You'll note in the above example the use of syncCallback2
and the AlwaysRetain
argument. If you don't retain a callback, weak references & MVars
aren't kept alive in some circumstances. You can read the docs for more info, but it's a hard choice to make– I'm leaning towards using AlwaysRetain right now because it makes the code more general, but cleaning up is tough. I'm currently experimenting with using the SafeT
monad from pipes-safe
to register finalizers that are guaranteed to be run once the react code is done running (and can optionally be run sooner), but I'm still not sure whether it's the way to go.
On the one hand, it's cool to have the flexibility, but on the other hand it's kind of hard to know when to release retained functions. In the case of React, I don't have a good answer yet for when and how to release the functions for event handler props (e.g. onClick
). Since they can be added & removed between in any of the component specification callbacks (componentWillMount
, etc.), I'm not sure where to clean them up.
I suspect that I'll have to resort to a reference counting mechanism to release them if there don't appear to be any components currently using them. If anyone has thoughts on this, please comment!
Converting data types to JSRefs is a rather manual process still
In the magical year 20XX, I bet we'll just be able to call ToJSRef
on anything without exotic types and it'll just work. If your data type is an instance of ToJSON
& FromJSON
, you can pretty much already do this. I don't really see there being any long-term issues here, it's just an area that needs an enterprising individual to write more instances and submit PRs to ghcjs-base. That probably means me, since I'm the one griping about it :)
The generated code starts off pretty big.
This isn't really a huge problem. While the code starts off as around 1 MB unminified, running it through the Google Closure Compiler and serving it gzipped brings it down to a manageable 170 kB or so, React included. Granted, there's more code to be written, so that's not a hard number, but it's not too bad!
Roadmap
As it currently stands, I'm not trying to implement Om for Haskell just yet. I'm primarily interested in getting a wrapper built that stays true to React's API while also being idiomatic Haskell. I know that there are a ton of smart people in the Haskell community that could build neat abstractions on top of this, so I don't want to close off any of React's API from use.
In closing
I'm looking forward to blogging some of the challenges that I work through while building this. Hopefully my solutions will come in handy for other intrepid souls, or you can suggest better ways of doing things.
In part 2, I'll have some integrated examples and talk about more of the design challenges. Stay tuned!
Addendum: Help a fellow Haskeller out!
Here's the short list of what I could use help with:
- Figuring out how to clean up event handler functions properly (as mentioned previously)
- I really want to make the syntax for the DOM trees identical to that of Chris Done's Lucid templating library.
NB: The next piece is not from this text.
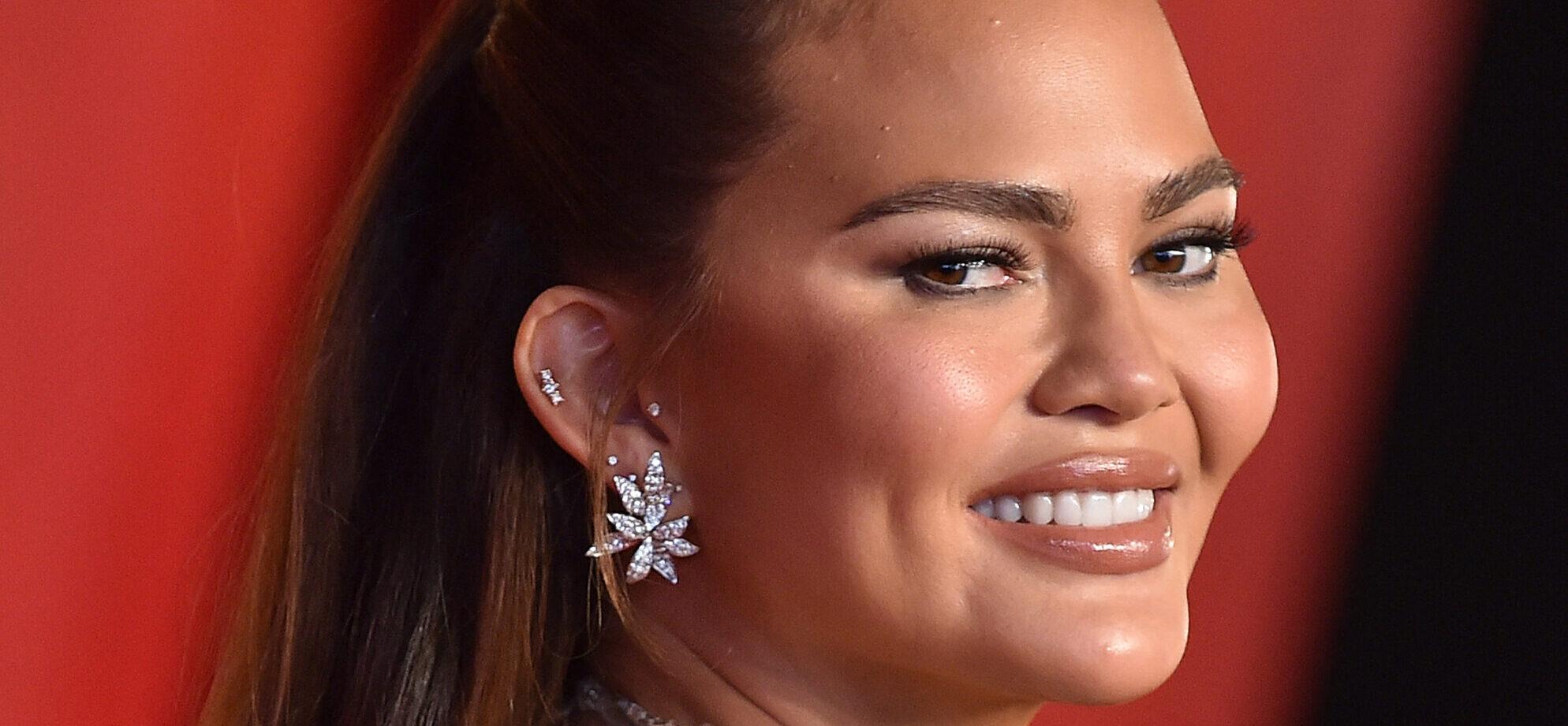 Chrissy Teigen Sparks Concern After Sharing Alarming New Photo With Face Bandages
I don't have the ability to just smash a bunch of
Builder
s together though, so advice on how to implement a visually similar Monad would be appreciated. I've explored a few options, but it's made my head hurt a bit so far.
It's a reasonably big undertaking to make this thing pleasant to use, to make sure that I'm not introducing memory leaks, and to keep things as type-safe as possible while doing so. Given enough man-hours, I can do it by myself, but I'd love for some other people to help dog-food it with me and get it stabilized. Go to GitHub, give the code a try, file some issues, and make some pull requests!